ですが、このシステムは、アメリカの製造業で働く人たちを犠牲にして成り立っていました。海外からの安い商品に、アメリカ国内の工場や企業が負けてしまうからです。
しかし、今回トランプ氏が当選し、国内の製造業を復活させようとしているということは、この流れを止める、つまり、これまでの米ドルを世界にばら撒くシステムを止めることを意味します。
そうすると、米ドルを使って原油などの資源を輸入してきた国々は、完全に詰んでしまいますよね。資源のほとんどを海外から輸入している日本なんて、最悪です。
日本の原油の備蓄は、約200日分あると発表されていますが、それは節約モードで200日という意味であって、今まで通りの使い方をすれば、3ヶ月もしないでなくなっちゃいます。
なので、他の方法を探さなければいけません。
特に、米ドルを使わないで、原油などの資源を調達する方法についてです。
あれ、なんか、米ドルを使わないで、貿易をする仕組みを構築中の国々がどこかにありましたよね?そうです。
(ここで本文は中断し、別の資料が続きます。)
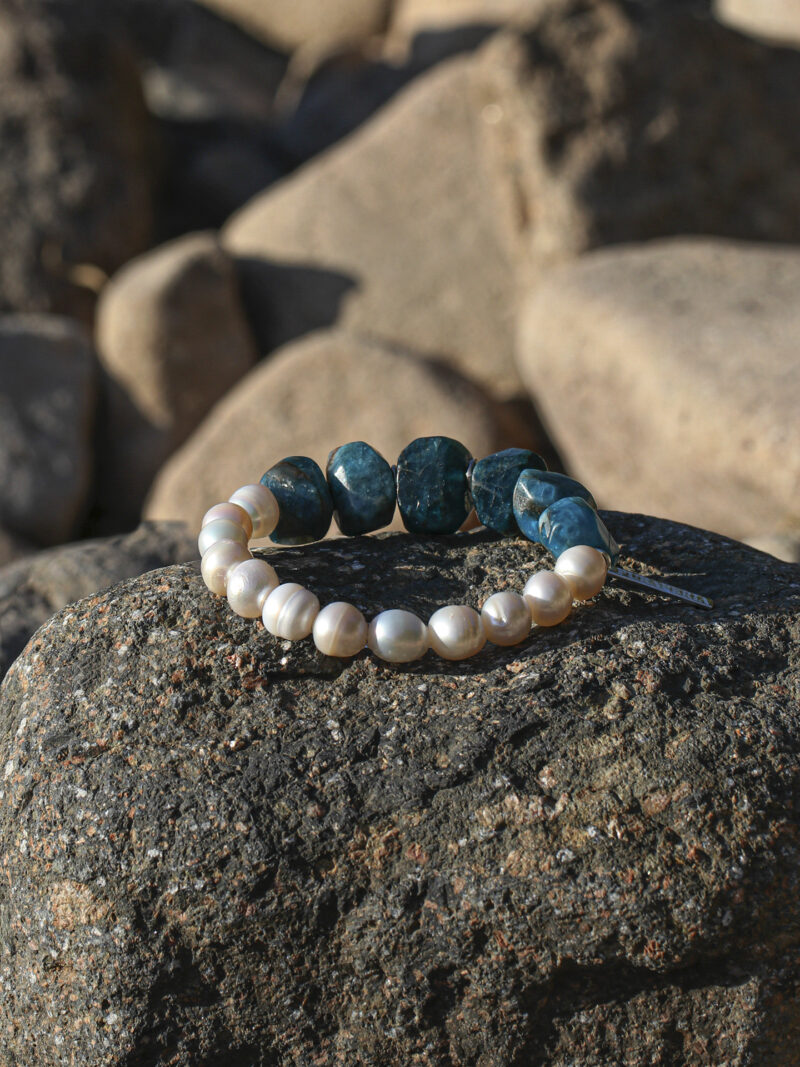 Original detail view of Blue Apatite & Cultured Pearl Bracelet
BRICSがそれなんですよ。
10月にロシアのカザンで開催されたブリックスサミットでは、BRICS新通貨の発表はなかったものの、エジプト、イラン、エチオピア、UAEの4カ国が新たにメンバーとして承認され、加盟を申請中の国も含めて、36カ国が参加しました。
これらを合計すると、人口で約50億人と、全世界の6割をカバーする、むちゃくちゃデカい経済共同体になります。
そのほとんどが、新興国や発展途上国なわけですが、中東産油国も参加しており、資源の多くを保有していますから、このグループに入れれば、たとえアメリカドルを稼ぎにくくなったとしても、なんとかやっていくことができます。
今回のAPECでの中国との首脳会談で、習近平氏の態度が柔らかだったのは、そういう事情を読んでの、日本を引き入れようとするお誘いだったのではないでしょうか?
もちろん、まだトランプ政権も始まってませんし、今後の状況次第でいくらでも変わってくる可能性はありますが、個人的には、この様なシナリオはありそうな気がします。
今後の動画でも、日本のBRICS加入の可能性については、ウォッチし続けていきたいなと思います。